Work order: Exact copies of all the lines below are wanted, without a single picture.

*** Opening of The data ***

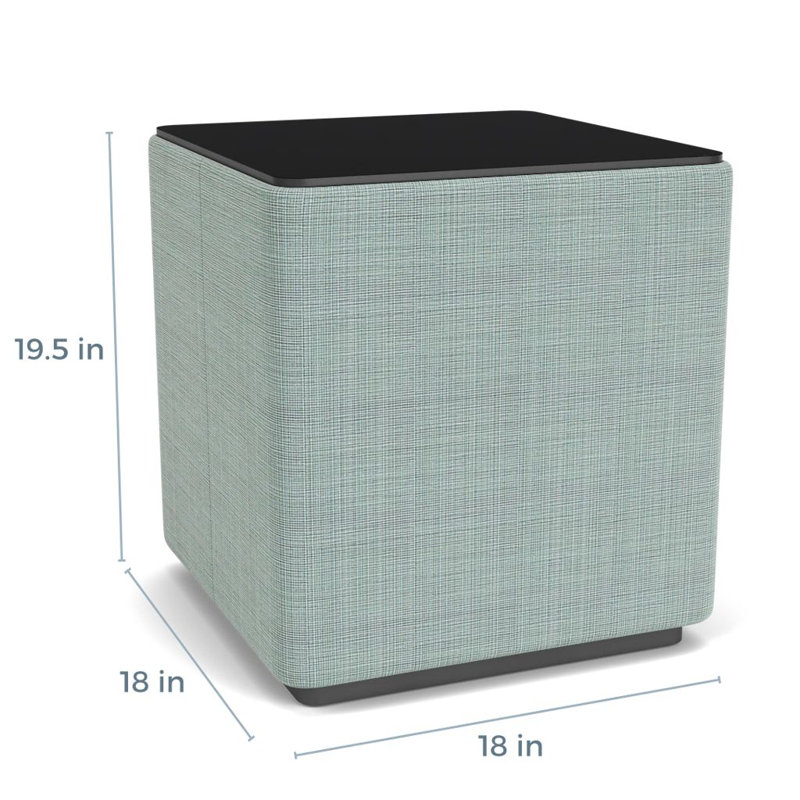 Table de salon avec plateau en stratifié Darsey, 20", Nuit noire, Gris anthracite; écume de mer Chambray
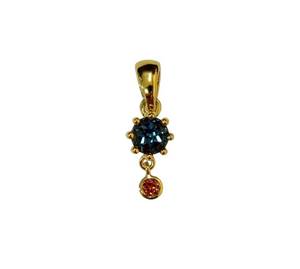 S925 14K Gold Plated Vintage Natural London <b>Blue</b> Topaz Women's Chains Pendant Customizable OEM ODM Thailand Factory - Product Image 2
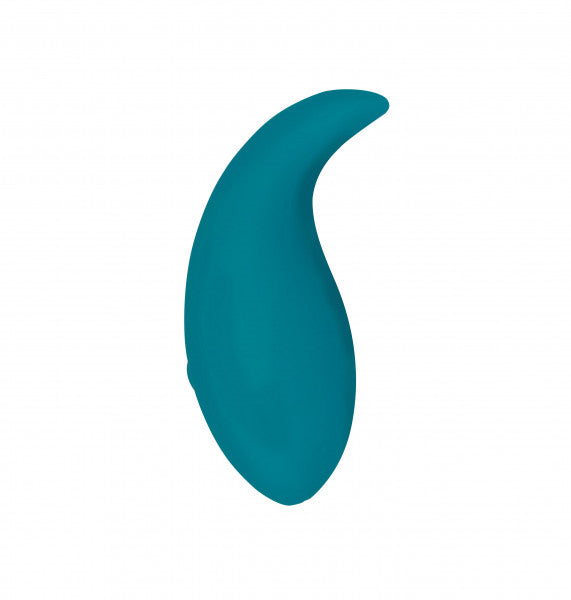 Teal teardrop-shaped waterproof silicone vibrator.
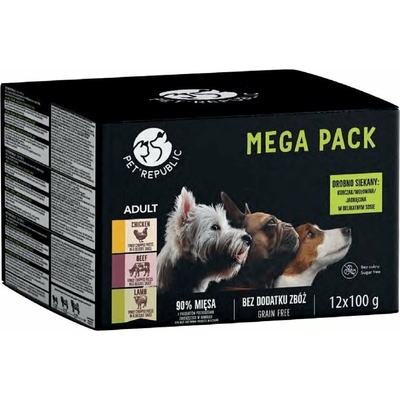 Pet Republic Mega Pack Chicken Beef Lamb 12 x 100 g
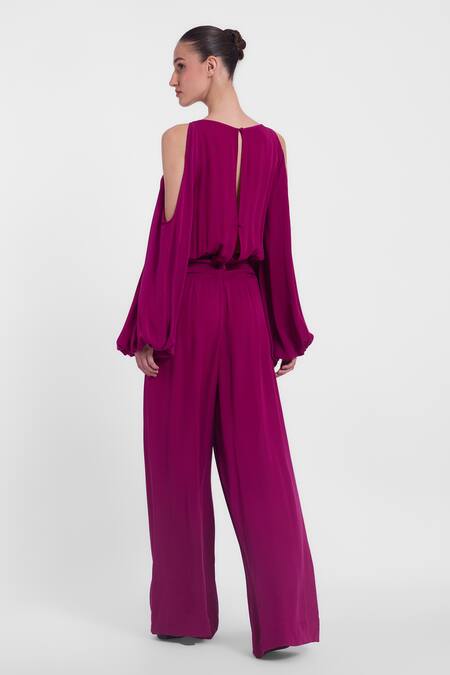 Gauri & Nainika_Magenta Crepe, Georgette Applique, Embroidery Boat Neck Floral Jumpsuit _at_Aza_Fashions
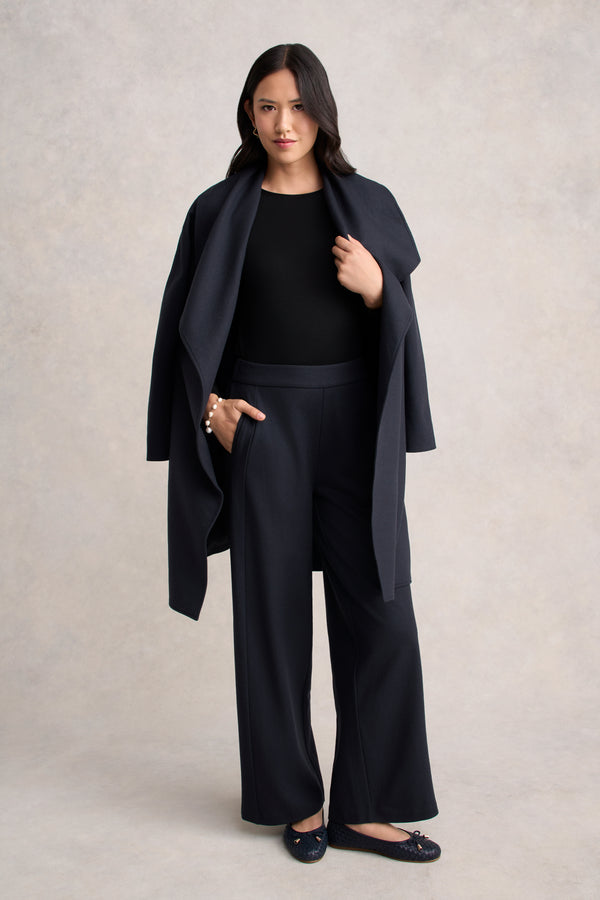 Boiled Wool Wide Leg Pant - Steel Grey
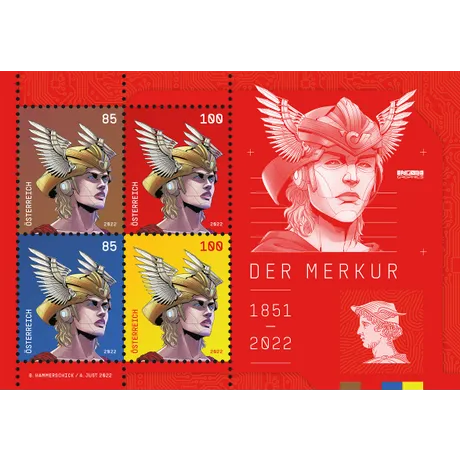 fae8d9ba884a96cf4f608707491b29c58f3a534b.jpg Briefmarkenblock Österreich 2022: 'Der Merkur'-Design mit Flügelhelm, Nominale 0,85€ und 1,00€.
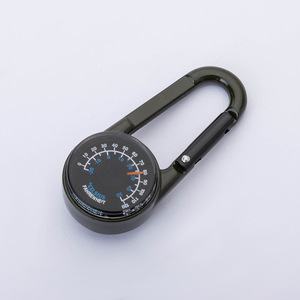 Tepus Double-sided Compass With Thermometer Zinc Alloy <b>Carabiner</b> Keychain Multi-function Navigation Tool - Product Image 2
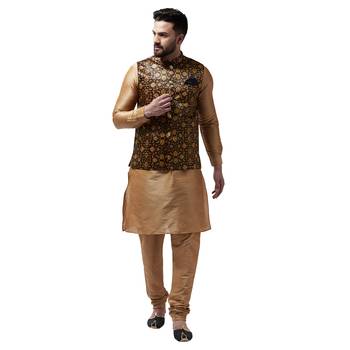 Gold Plain Dupion Silk Kurta Pajama 1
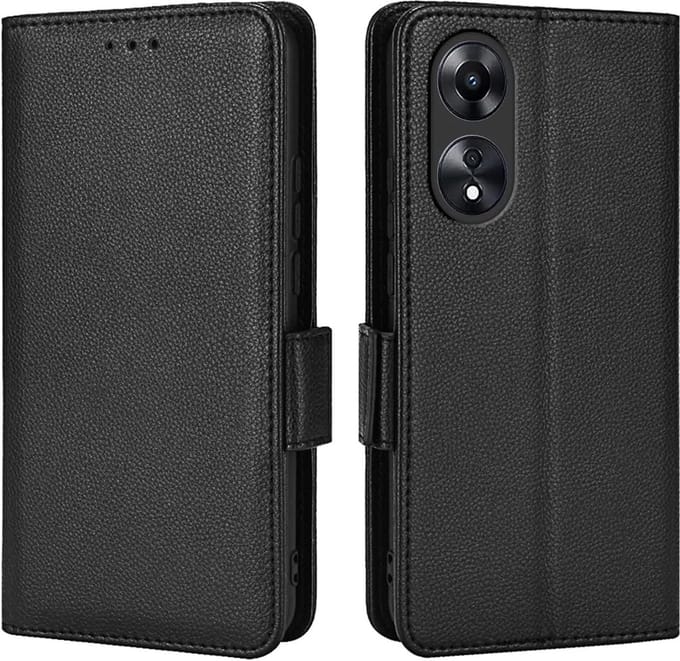Geschikt voor Oppo A78 5G leren book hoesje Lychee - Zwart
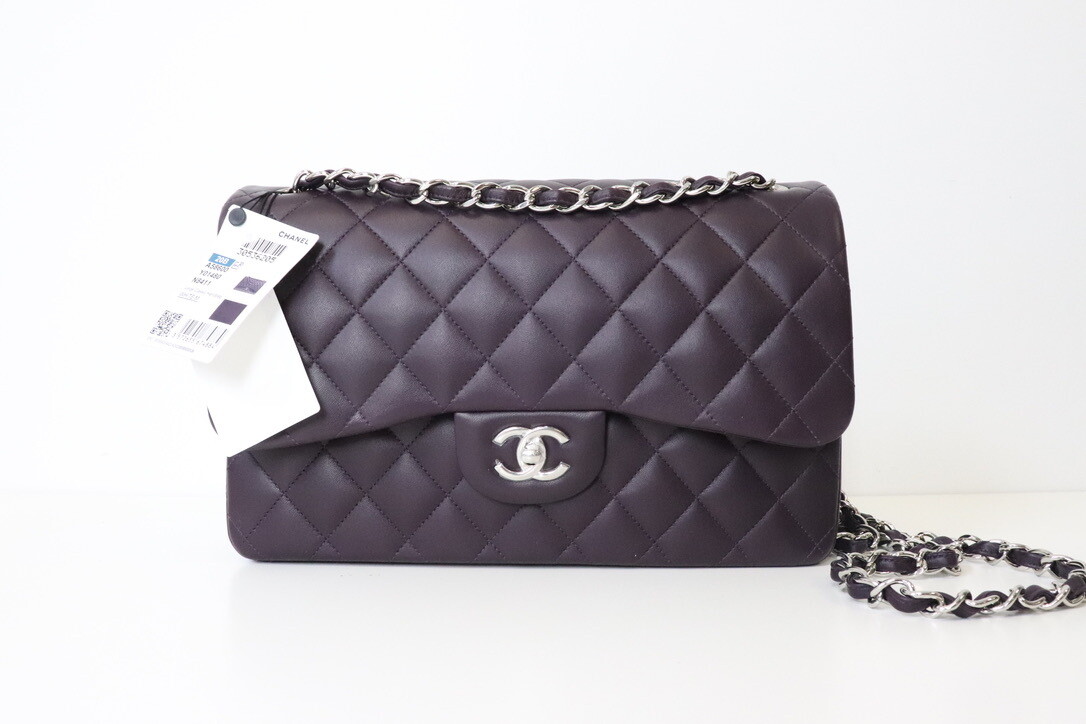 Chanel Classic Jumbo Double Flap Dark Purple 20B Lambskin Leather Silver Hardware New in Box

*** Close of The data ***

Solution:
 Table de salon avec plateau en stratifié Darsey, 20", Nuit noire, Gris anthracite; écume de mer Chambray
 S925 14K Gold Plated Vintage Natural London <b>Blue</b> Topaz Women's Chains Pendant Customizable OEM ODM Thailand Factory - Product Image 2
 Teal teardrop-shaped waterproof silicone vibrator.
 Pet Republic Mega Pack Chicken Beef Lamb 12 x 100 g
 Gauri & Nainika_Magenta Crepe, Georgette Applique, Embroidery Boat Neck Floral Jumpsuit _at_Aza_Fashions
 Boiled Wool Wide Leg Pant - Steel Grey
 fae8d9ba884a96cf4f608707491b29c58f3a534b.jpg Briefmarkenblock Österreich 2022: 'Der Merkur'-Design mit Flügelhelm, Nominale 0,85€ und 1,00€.
 Tepus Double-sided Compass With Thermometer Zinc Alloy <b>Carabiner</b> Keychain Multi-function Navigation Tool - Product Image 2
 Gold Plain Dupion Silk Kurta Pajama 1
Geschikt voor Oppo A78 5G leren book hoesje Lychee - Zwart
 Chanel Classic Jumbo Double Flap Dark Purple 20B Lambskin Leather Silver Hardware New in Box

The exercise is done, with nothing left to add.